PROMPT
Starting at the line that contains "MagicWater Supply - 2", write out every line through the end of the records below exactly as it appears, and leave out all pictures.

•••

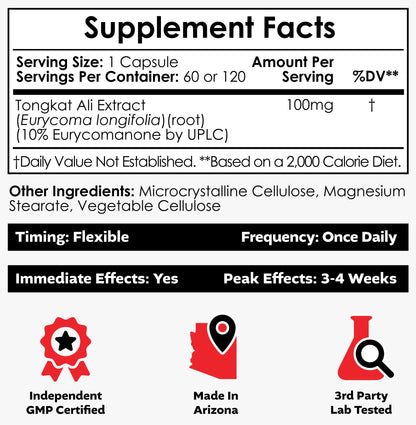 Depot Tongkat Ali Extract Capsules | 100mg | 60 Count | 10% Eurycomanone by HPTLC | Eurycoma longifolia Root Extract - Maple Wellness Supplements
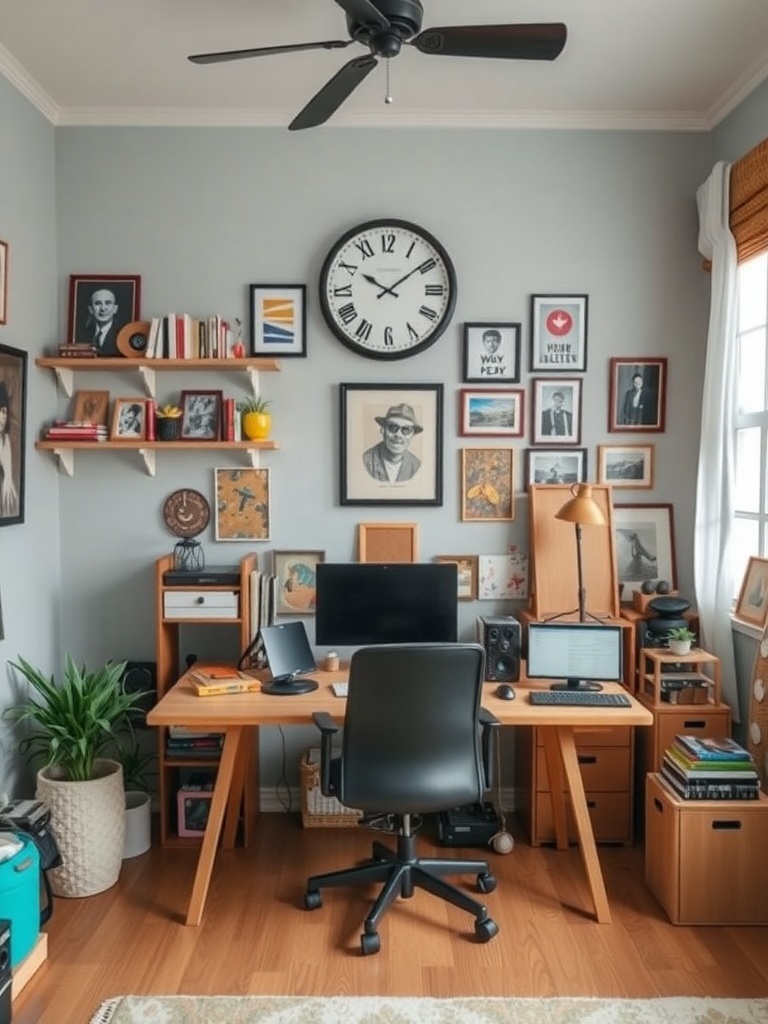 10 Home Decor Trends to Watch in 2025 10 A stylish home office with a wooden desk, computer setup, and framed artwork on the walls.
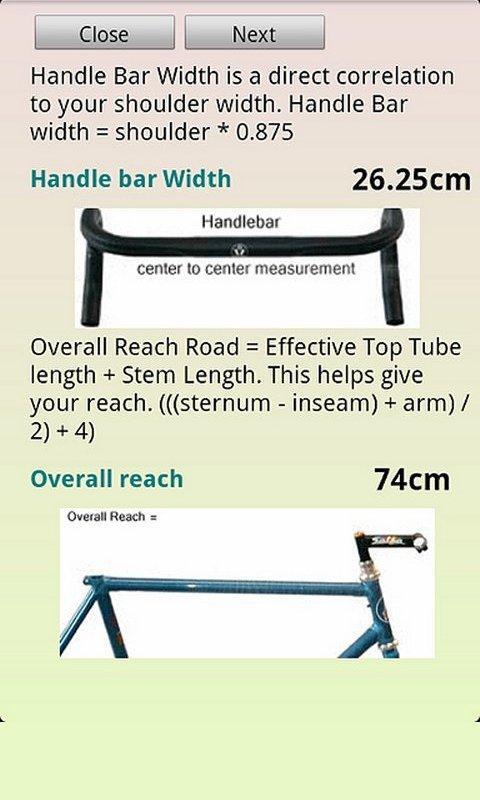 Bicycle Fit - Sizing Calc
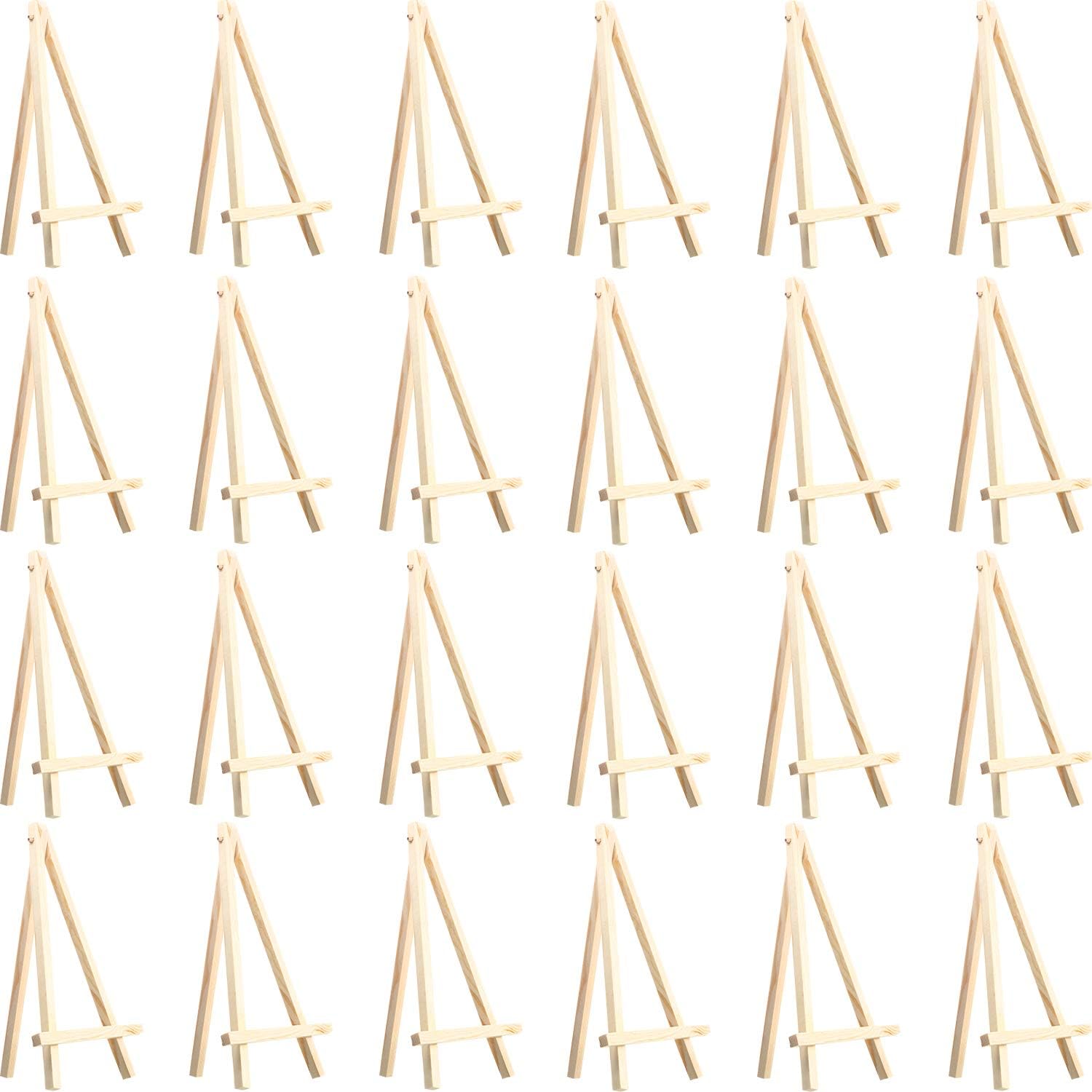 24 Pack Mini Wood Display Easel for Art and Events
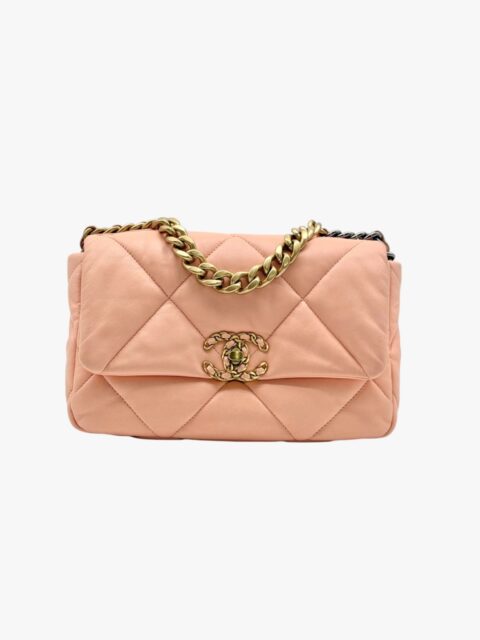 CHANEL – BORSA MODELLO 19 SMALL PELLE AGNELLO ORANGE CLAIR  – GHW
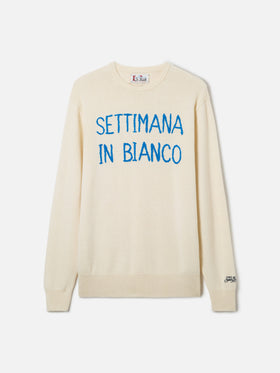 Weißer Herrenpullover mit Settimana in Bianco-Stickerei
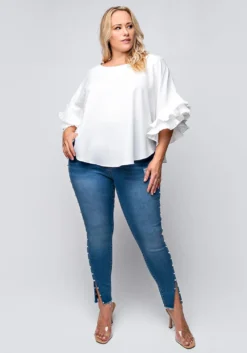 Plus Size Accordion Sleeve Blouse -Asoph Fashion Shop 2022450 003 1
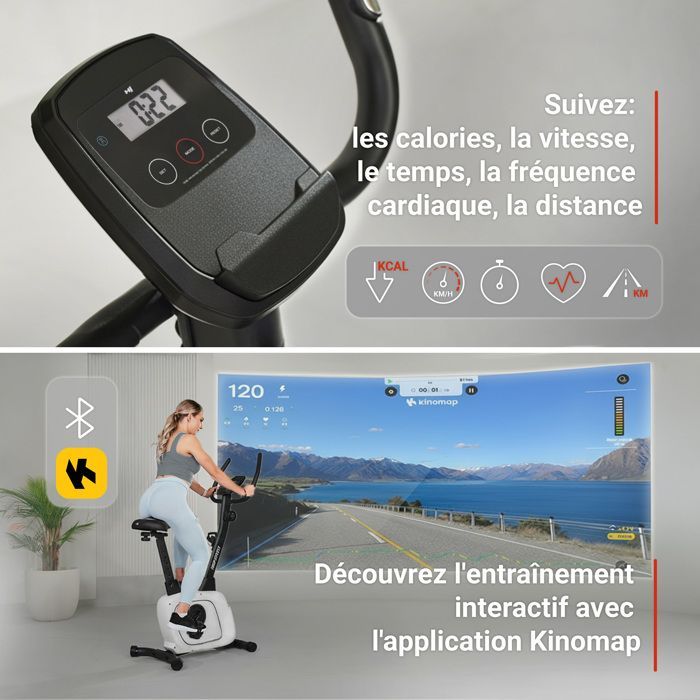 Hop-Sport Connected Exercise Bike, 8 Levels of Magnetic Resistance HS-3000H Nexon, Bluetooth and Kinomap, Max. 120 kg, Grey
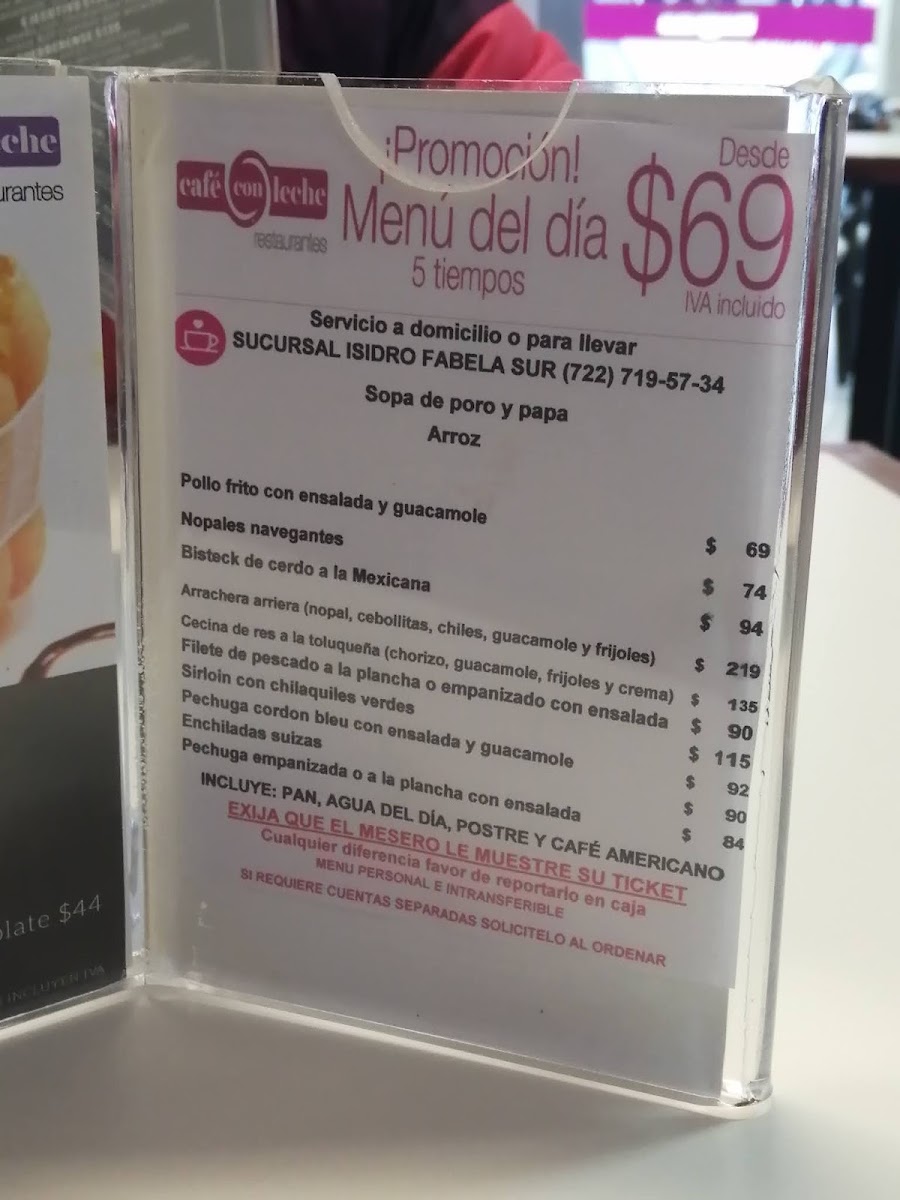 Café con Leche Isidro Fabela Sur Menu - Image 4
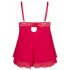 Babydoll Confortevole per il Sonno con Pizzo - Cottelli Taglie Forti (Rosso)  - 2XL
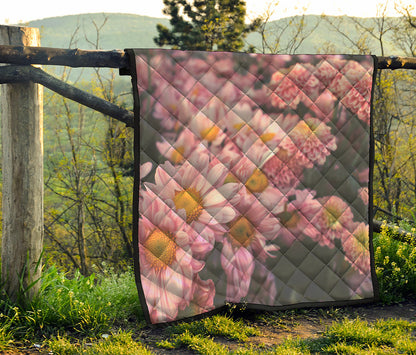 Pink Flowers Print Quilt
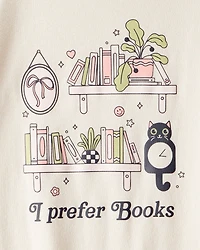 Girls I Prefer Books Short-Sleeve Graphic Tee - White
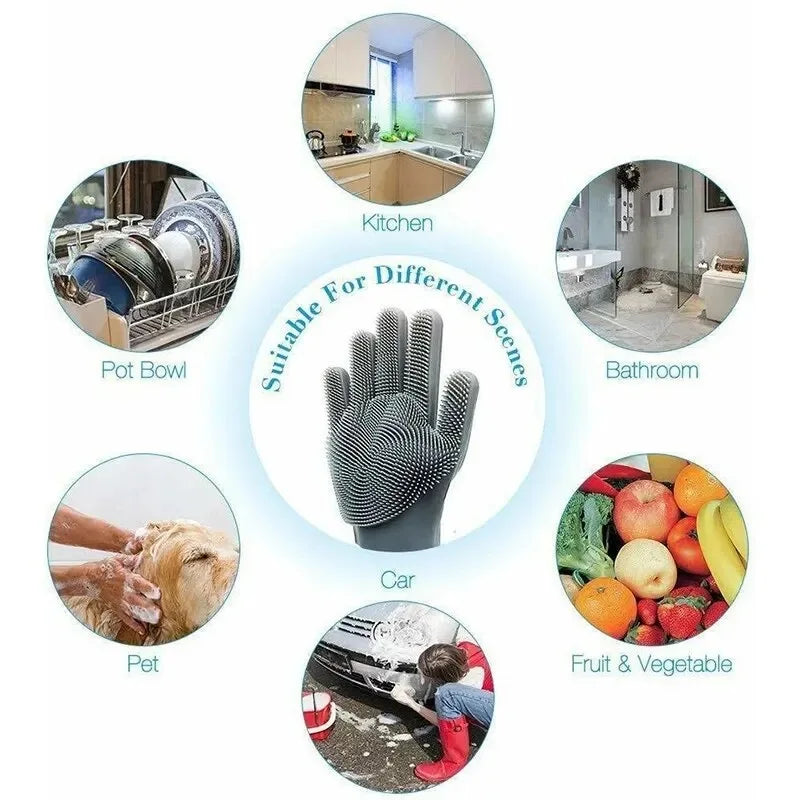 Silicone Rubber Dishwashing Kitchen Gloves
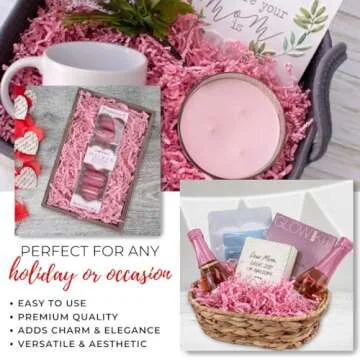 MagicWater Supply - 2 LB - Light Pink - Crinkle Cut Paper Shred Filler great for Gift Wrapping, Bask...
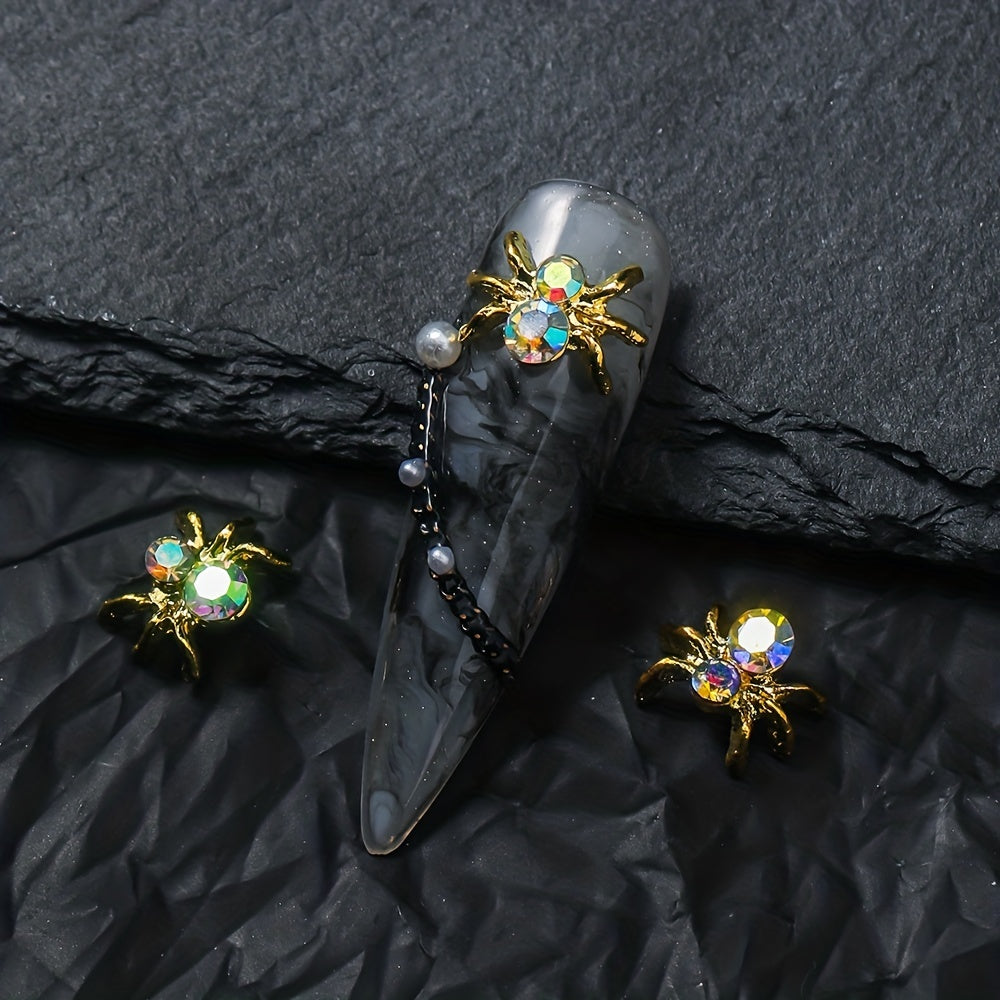 10pcs Halloween Spider Nail Art Charms With Rhinestones 3D Alloy Spider Nail Gem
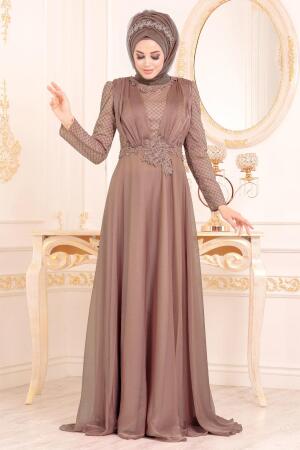  Couleur Cuivre-Tesettürlü Abiye Elbise - Robe de Soirée Hijab37390BKR - 1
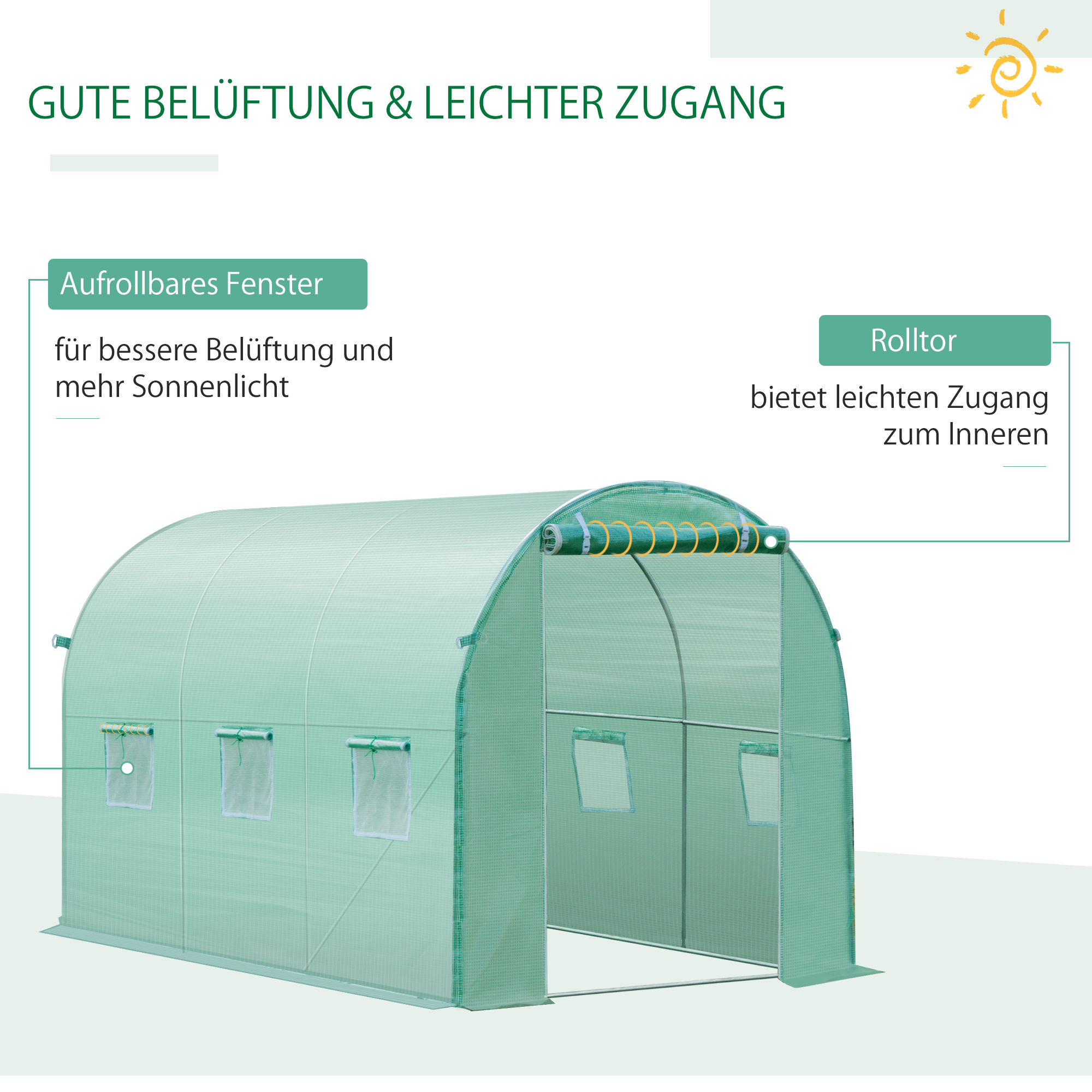 Gewächshausfolie, 3 x 2 x 2 m, wasserdichte Gartenplane mit UV-Schutz, Kunststoff-Folie, Abdeckplane für Treibhaus, Folientunnel, Tunnelfolie für Außenbereich, Grün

•••

SOLUTION FOR THIS PROBLEM
 MagicWater Supply - 2 LB - Light Pink - Crinkle Cut Paper Shred Filler great for Gift Wrapping, Bask...
 10pcs Halloween Spider Nail Art Charms With Rhinestones 3D Alloy Spider Nail Gem
  Couleur Cuivre-Tesettürlü Abiye Elbise - Robe de Soirée Hijab37390BKR - 1
 Gewächshausfolie, 3 x 2 x 2 m, wasserdichte Gartenplane mit UV-Schutz, Kunststoff-Folie, Abdeckplane für Treibhaus, Folientunnel, Tunnelfolie für Außenbereich, Grün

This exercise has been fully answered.